Affordable Healthcare Series- Vitamin “O”

Vitamin O

Vitamin O, as in vitamin “OH my gosh you just grew a full spread of nutrient dense superfoods in your own garden!” 😊  If you have invested the time to read through this entire series since it began last year, you may notice several repeat offenders.  Grow dark, leafy greens, dark heirloom tomatoes, richly colored carrots and beets, lentils, or beans if you’re able and brilliant peppers.  This blog was never intended to be a journey into the realm of Agroecology, Permaculture or Epigenetics; nor was it supposed to dive into the curriculum of chemistry and the Periodic Table of Elements.  There are volumes of books available on those heady subjects.  Remember, we are not doctors.  We are successful backyard farmers and a proponents of growing your way back to better health.  Our recommendation is that you do not negate medicine, but simply try to find the joy in growing your own food and perhaps boosting your health at home!  If you are seeing a medical professional for anything that ails you, let them in on your thoughts and start a conversation about nutrition, food, and diet.  Most people today are more informed about their iPhones and other devices than they are about the food they eat.   
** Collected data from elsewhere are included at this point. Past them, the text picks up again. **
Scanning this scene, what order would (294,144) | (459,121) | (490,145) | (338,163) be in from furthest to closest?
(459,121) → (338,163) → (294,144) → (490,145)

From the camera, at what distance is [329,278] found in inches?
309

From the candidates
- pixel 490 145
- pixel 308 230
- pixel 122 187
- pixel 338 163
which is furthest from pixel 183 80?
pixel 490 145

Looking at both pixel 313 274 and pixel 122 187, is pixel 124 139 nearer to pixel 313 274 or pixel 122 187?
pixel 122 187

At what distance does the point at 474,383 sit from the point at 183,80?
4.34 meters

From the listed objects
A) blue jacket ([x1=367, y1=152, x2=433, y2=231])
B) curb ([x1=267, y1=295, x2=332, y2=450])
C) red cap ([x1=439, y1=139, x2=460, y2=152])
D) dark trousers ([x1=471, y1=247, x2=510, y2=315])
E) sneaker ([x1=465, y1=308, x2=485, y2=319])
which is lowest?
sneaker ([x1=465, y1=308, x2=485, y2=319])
 Inform yourself about the corporate food and centralized food distribution systems in your homeland.  Find the prohibitive hurdles that true organic farmers face and support your local small farms.  You should know that there are thousands of vegetable varieties being grown and shipped to your grocery that were chosen for shelf life and not for their nutritional value.  Remember that healthy food nourishes, transforms, and can inspire.  It is time to make a real change and we ought to be allowed to make our own choices about what we consume; for ourselves and our families.  The human nose and sense of taste have evolved to know when fruits and vegetables are ripe and taste good.  We challenge you to hold up a mush-mouth, warehouse “ripened” tomato against your first harvested heirloom.  You will not even need to bite into it to know which one is better!  Trust us, we have grown the mediocre, and we have also grown some of the best varieties available.  It is the quality of your intake at stake, and you can do better!  

 Here is a quick at-a-glance checklist:

1.        Know your area’s growing season.
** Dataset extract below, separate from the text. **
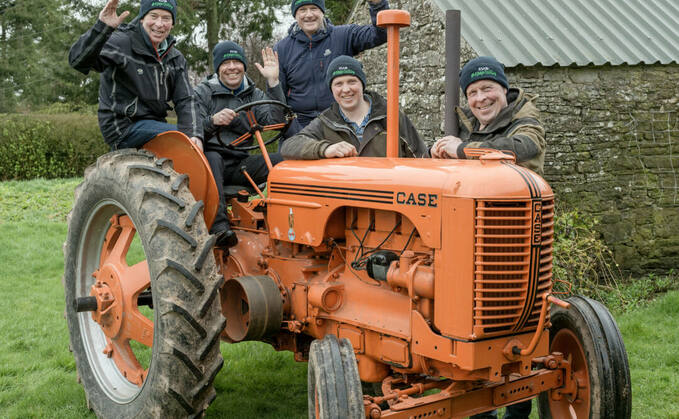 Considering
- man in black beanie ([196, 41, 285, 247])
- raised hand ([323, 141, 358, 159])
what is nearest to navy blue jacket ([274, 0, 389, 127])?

2.        Find your sunniest garden location. 

3.        Pull or dig up weeds by their roots in the chosen destination.  No more spraying of anything where you grow food!  Or, build large raised planter boxes if open land is scarce.

4.        Get the soil right and keep building it.   Add piles of organic planting mix, other organic materials, compost and especially give Slowdirt a try; to help optimize nutrient density and nearly eliminate the need for any pesticide applications.   This is the first money to be spent on a new, or in the regeneration of a garden plot.  Remember, crappy soil equals crappy growth performance and crappy nutritional value in the final product.  Grow your soil first! 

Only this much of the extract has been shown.